Yang spoke alongside Democrat City Council Member Carlos Menchaca at the event. He outlined his vision to expand voting, which includes lowering the voting age to 16.
“Now how can we continue to invest in our democracy to make it better here in New York City. I think we should enable young people to vote starting at age 16,” he said, adding that young people “don’t feel like their voices are being heard.”
Yang also suggested expanding the right to vote to non-citizens.
“The second thing we should do is expand the franchise to non-citizens, lawful permanent residents,” Yang said, describing New York City as a “city of immigrants.”
And immigrants from the core of so many of our neighborhoods and communities. There are approximately 6,220,000 lawful permanent residents, you probably think of them as green card holders, who are responsible for hundreds of millions of dollars in tax revenue. Their kids go to our schools. They supply many of the jobs that we rely upon. They should have a say in the future of their city. too.
“We can enable green card holders, lawful permanent residents, to be able to vote,” Yang said. He also praised Menchaca and City Council member Margaret Chin (D) for putting forward the “Our City, Our Vote” bill that “would enable this to happen.”
“We should enable lawful permanent residents to vote. This is their city, too. So young people, non-citizens, we have to invest in the mechanics of our democracy at a higher level,” he added.
Yang entered the spotlight during the Democrat primary race after making a Universal Basic Income (UBI) central to his campaign. However, at the time, his plan only applied to American citizens.
“It goes to citizens,” Yang said at the time. “So it would not go to undocumented immigrants.”

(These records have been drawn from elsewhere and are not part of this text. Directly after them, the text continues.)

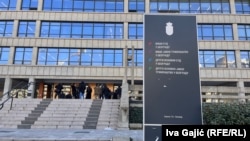 Palata pravde u kom se održalo suđenje Damnjanu Kneževiću i Dejanu Petru Zlatanoviću.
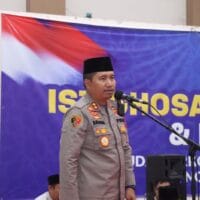 Kapolres Cilegon Hadiri Istighosah dan Deklarasi Pemuda Cilegon Damai
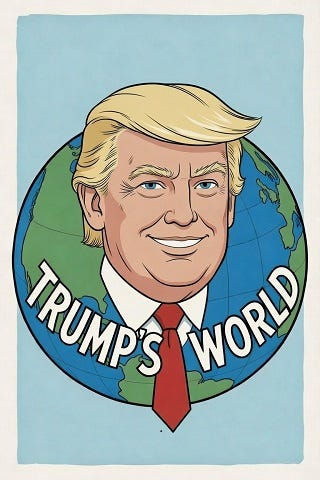It&rsquo;s Trump&rsquo;s world, we just live in it.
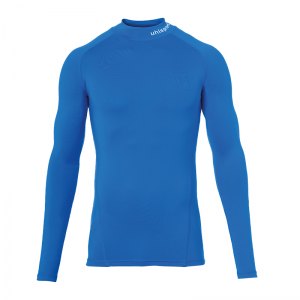 uhlsport-pro-baselayer-turtleneck-blau-f03-underwear-langarm-1003069.png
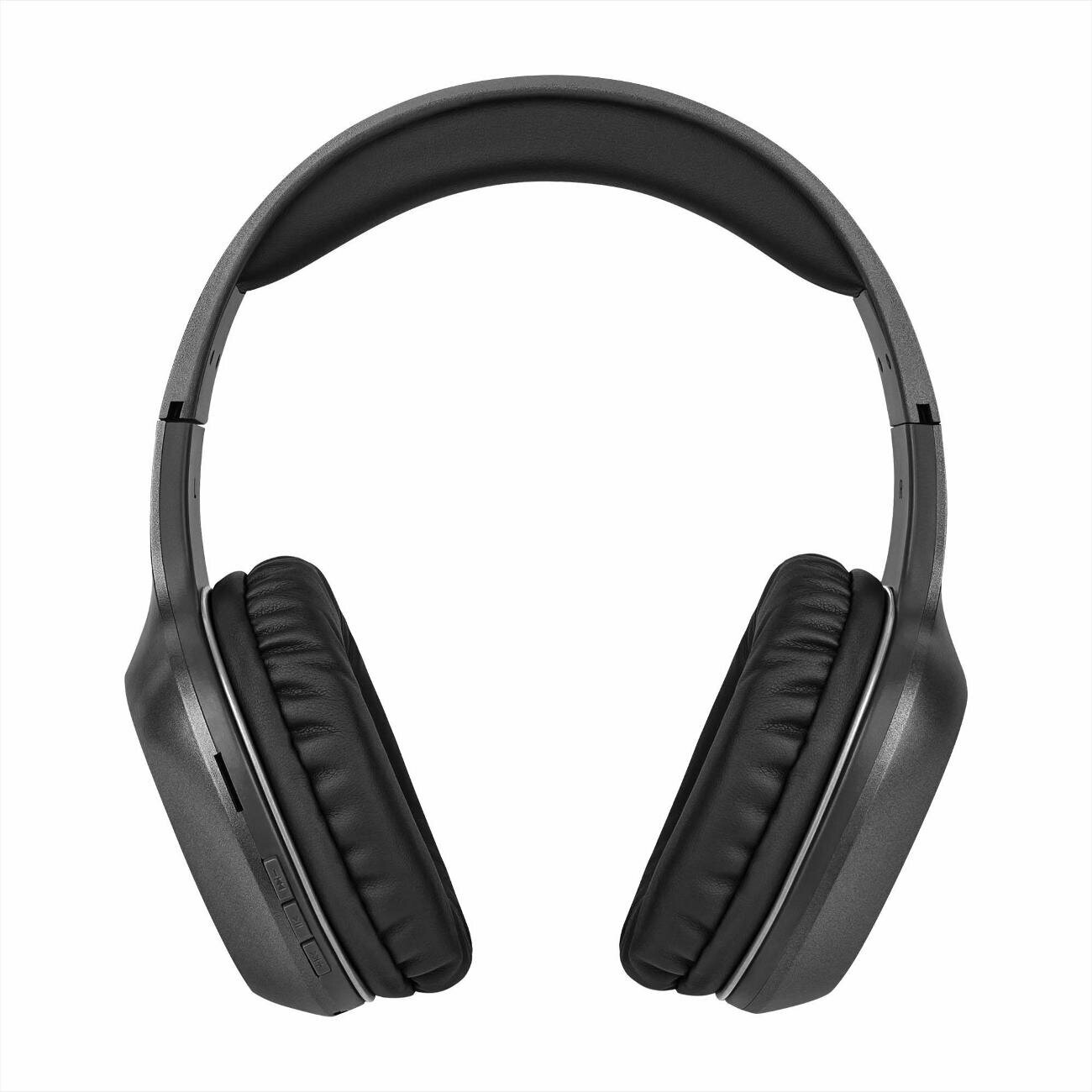 Наушники накладные Bluetooth Rombica MySound BH-21 Gray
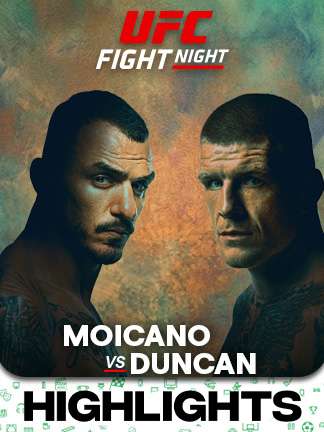 UFC Fight Night - Moicano vs Duncan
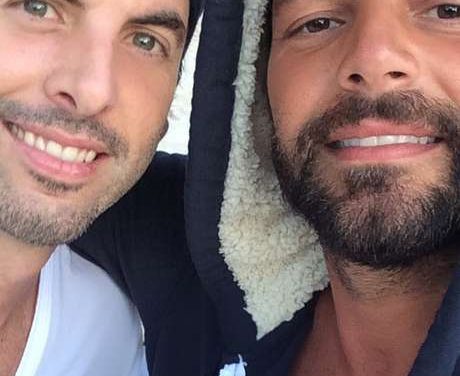 Ricky Martin se reencuentra con su ex, Carlos González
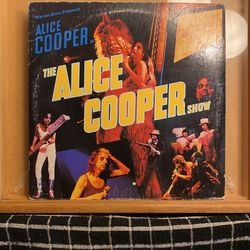 The Alice cooper show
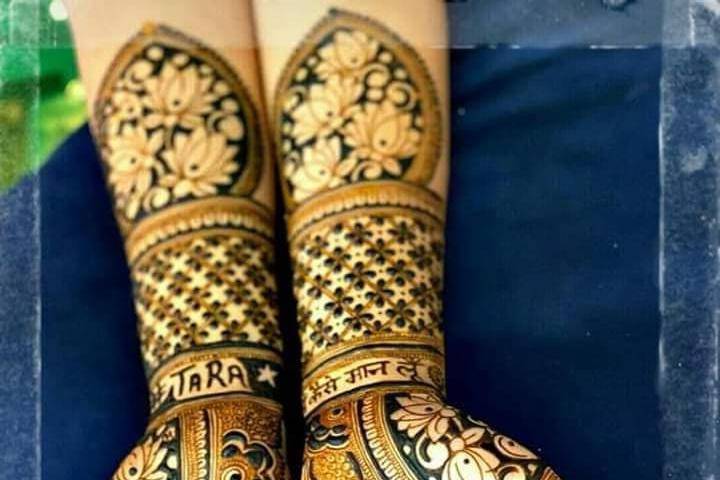 Mehndi design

Yang received criticism from far-left Democrats last week after tweeting support for Israel during Palestinian rocket attacks. Some leftists even called him a “white supremacist.”
“I’m standing with the people of Israel who are coming under bombardment attacks, and condemn the Hamas terrorists,” Yang said at the time. “The people of NYC will always stand with our brothers and sisters in Israel who face down terrorism and persevere.”